This patch fixes the latency/throughput of LEA instructions in the BtVer2 scheduling model.
On Jaguar, A 3-operands LEA has a latency of 2cy, and a reciprocal throughput of 1.
That is because it uses one cycle of SAGU followed by 1cy of ALU1.
An LEA with a "Scale" operand is also slow, and it has the same latency profile as the 3-operands LEA.
An LEA16r has a latency of 3cy, and a throughput of 0.5 (i.e. RThrouhgput of 2.0).
This patch adds a new TIIPredicate named IsThreeOperandsLEAFn to X86Schedule.td.

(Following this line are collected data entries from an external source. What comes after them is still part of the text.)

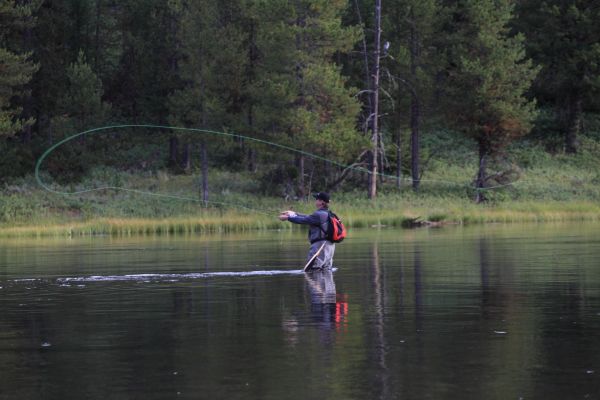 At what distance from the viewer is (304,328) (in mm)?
12594

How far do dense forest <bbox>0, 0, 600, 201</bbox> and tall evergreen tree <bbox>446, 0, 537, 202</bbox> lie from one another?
0.08 meters

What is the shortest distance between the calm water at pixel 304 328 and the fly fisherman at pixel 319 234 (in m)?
0.34

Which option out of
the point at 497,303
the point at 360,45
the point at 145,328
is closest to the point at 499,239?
the point at 497,303

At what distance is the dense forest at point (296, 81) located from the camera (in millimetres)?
51312

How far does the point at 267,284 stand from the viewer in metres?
18.6

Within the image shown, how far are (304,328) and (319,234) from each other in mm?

The tablegen backend (for instruction-info) expands that definition into this (file X86GenInstrInfo.inc):
static bool isThreeOperandsLEA(const MachineInstr &MI) { return ( MI.getOperand(1).isReg() && MI.getOperand(1).getReg() != 0 && MI.getOperand(3).isReg() && MI.getOperand(3).getReg() != 0 && ( ( MI.getOperand(4).isImm() && MI.getOperand(4).getImm() != 0 ) || (MI.getOperand(4).isGlobal()) ) ); }
A similar method is generated in the X86_MC namespace, and included into X86MCTargetDesc.cpp (the declaration lives in X86MCTargetDesc.h).
Back to the BtVer2 scheduling model:
A new scheduling predicate named JSlowLEAPredicate now checks if either the instruction is a three-operands LEA, or it is an LEA with a Scale value different than 1.
A variant scheduling class uses that new predicate to correctly select the appropriate latency profile.
This patch is essentially structured in two parts:
- A first part that adds a common MCPredicate to X86Schedule.td
- A second part that uses the new predicate to construct a variant class for LEA in the BtVer2 model only.
To help the implementation of part 1, the predicate expanded gained the ability to check if a register operand references the invalid register. That check is needed by IsThreeOperandsLEAFn.
This new TII hook can now be used in other parts of LLVM.
For example, this patch uses it in X86FixupLEA.cpp. Note that the auto-generated isThreeOperandsLEA() is semantically equivalent to the old function in X86FixupLEA.cpp.
As a side note: if people prefer, this patch can be committed in two revisions. The first part would be an NFC, while the second part would contain the actual change to the BtVer2 model.
Please let me know what you think.
Thanks
-Andrea
Add a TODO explaining that this should move to the scheduler model variants at some point?